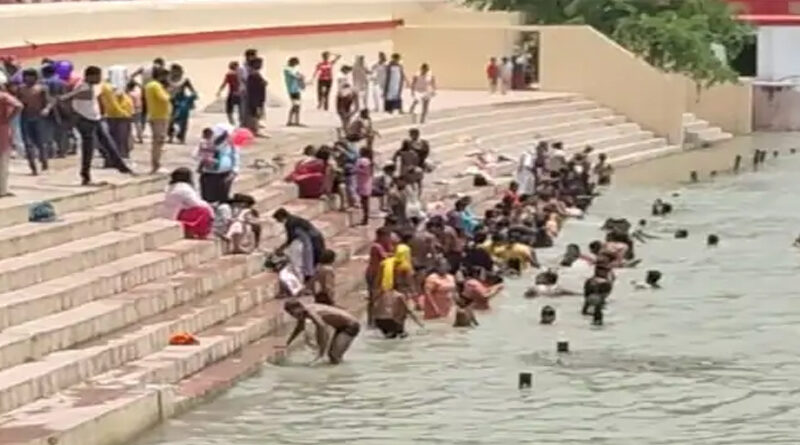बुलंदशहर : हजारों श्रद्धालुओं ने लगाई डुबकी, घाटों पर तैनात रहे गोताखोर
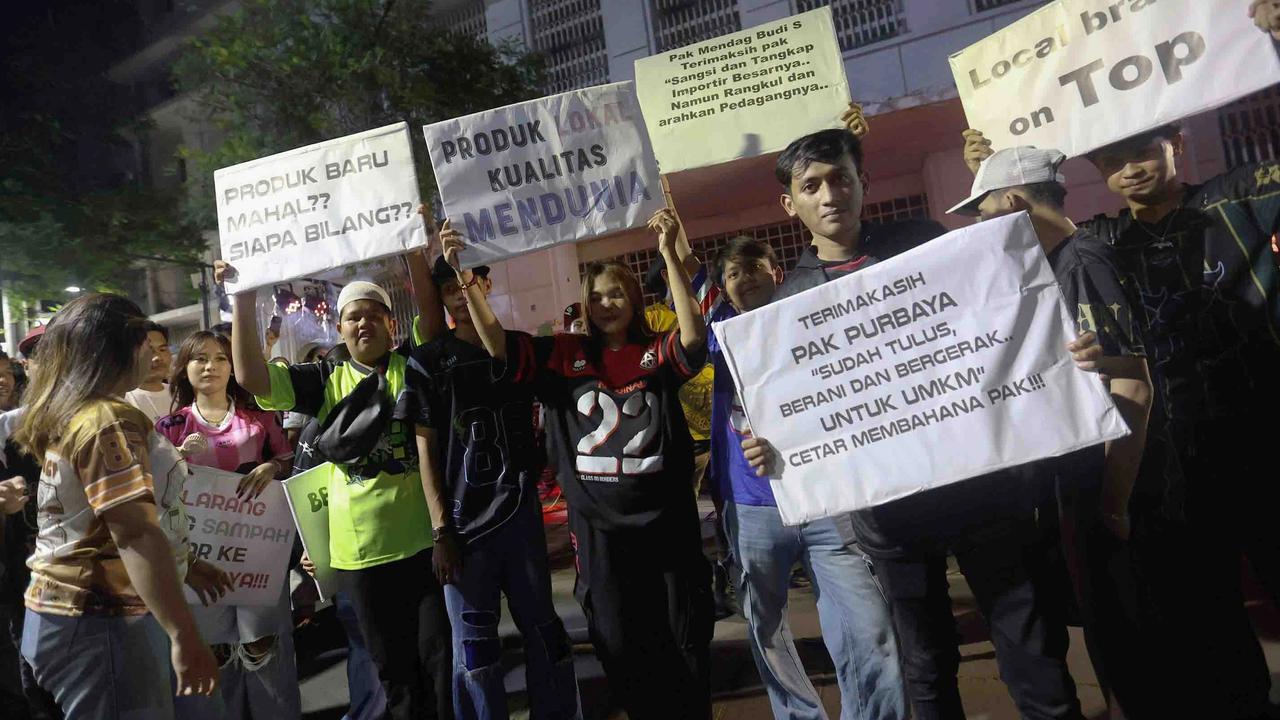 FOTO: Seniman dan Komunitas Rayakan Dukungan bagi UMKM Konveksi Lokal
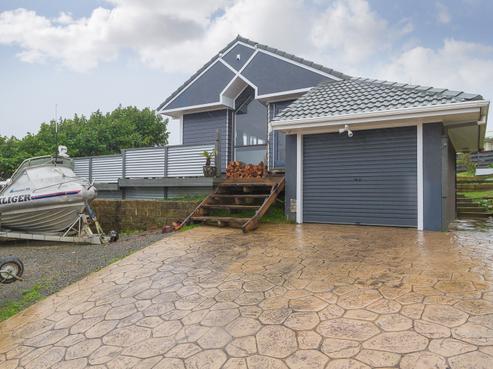 4 Outram Grove, Kelson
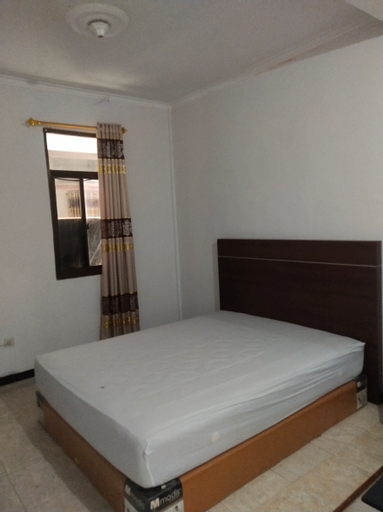 Bedroom 3, OYO 90590 Tian Residence, Medan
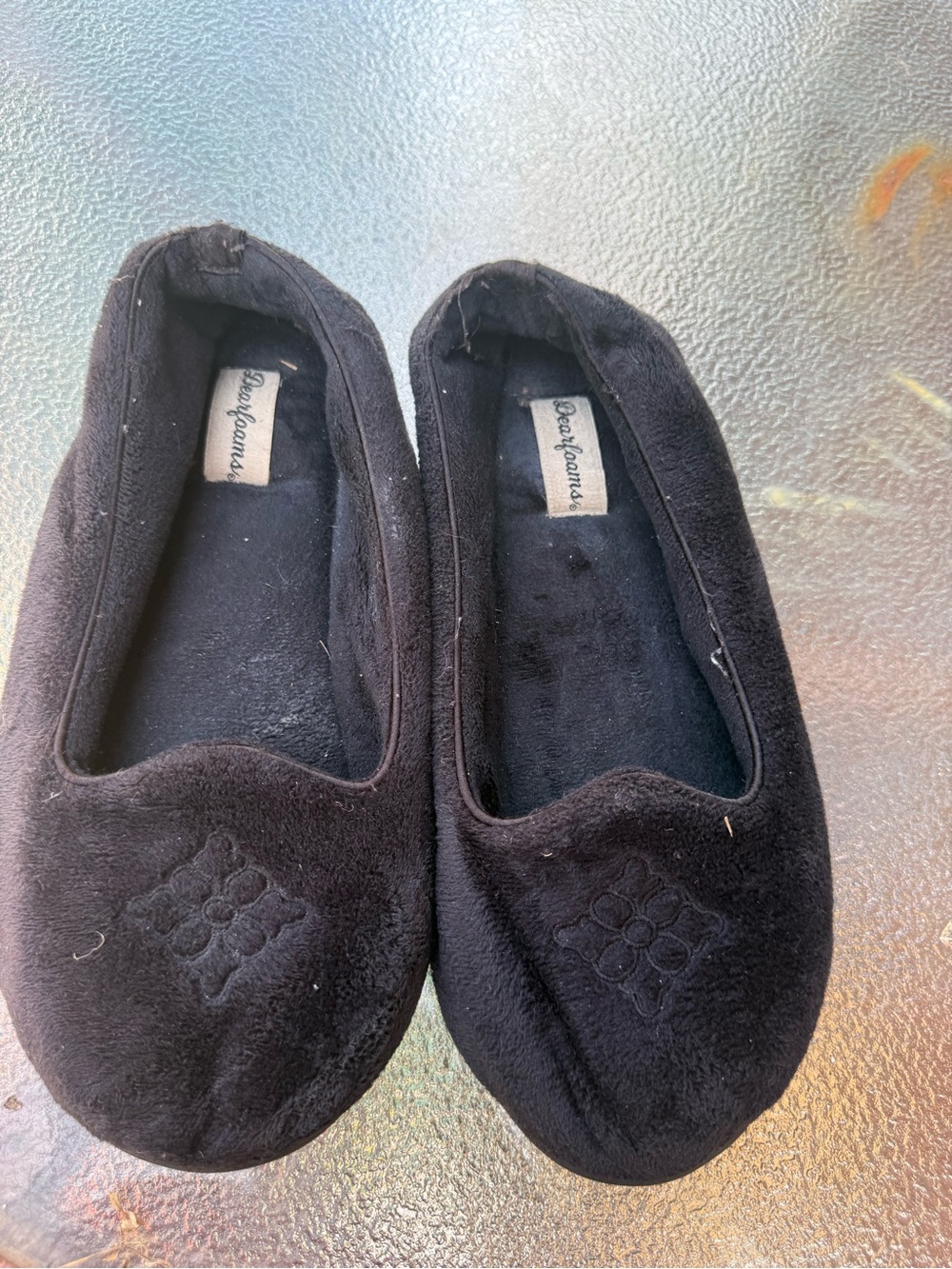 dearfoams Black Plush Slip-On Women's Slippers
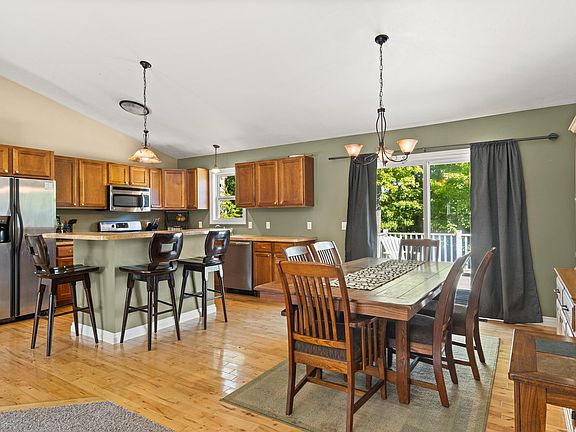 2nd image of 2063 Pine Valley Cir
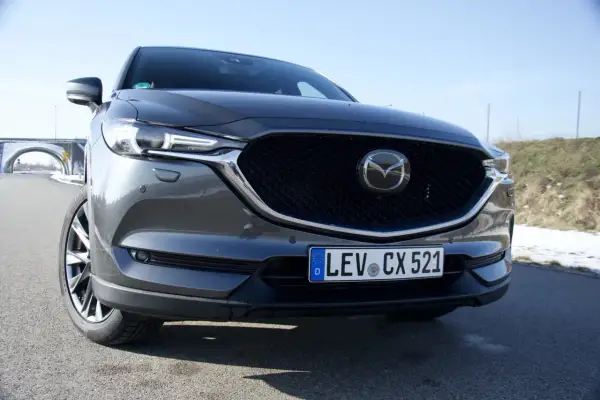 Szara Mazda CX-5 z tablicą LEV CX 521. Czy negatywne opinie o tym modelu są uzasadnione?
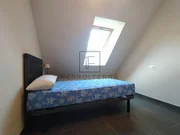 Se alquila piso con terraza en portanova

▶ Goal of the exercise
Pictures aside, return all of the material exactly as written.

▶ Expected answer
बुलंदशहर : हजारों श्रद्धालुओं ने लगाई डुबकी, घाटों पर तैनात रहे गोताखोर
 FOTO: Seniman dan Komunitas Rayakan Dukungan bagi UMKM Konveksi Lokal
 4 Outram Grove, Kelson
 Bedroom 3, OYO 90590 Tian Residence, Medan
 dearfoams Black Plush Slip-On Women's Slippers
 2nd image of 2063 Pine Valley Cir
 Szara Mazda CX-5 z tablicą LEV CX 521. Czy negatywne opinie o tym modelu są uzasadnione?
 Se alquila piso con terraza en portanova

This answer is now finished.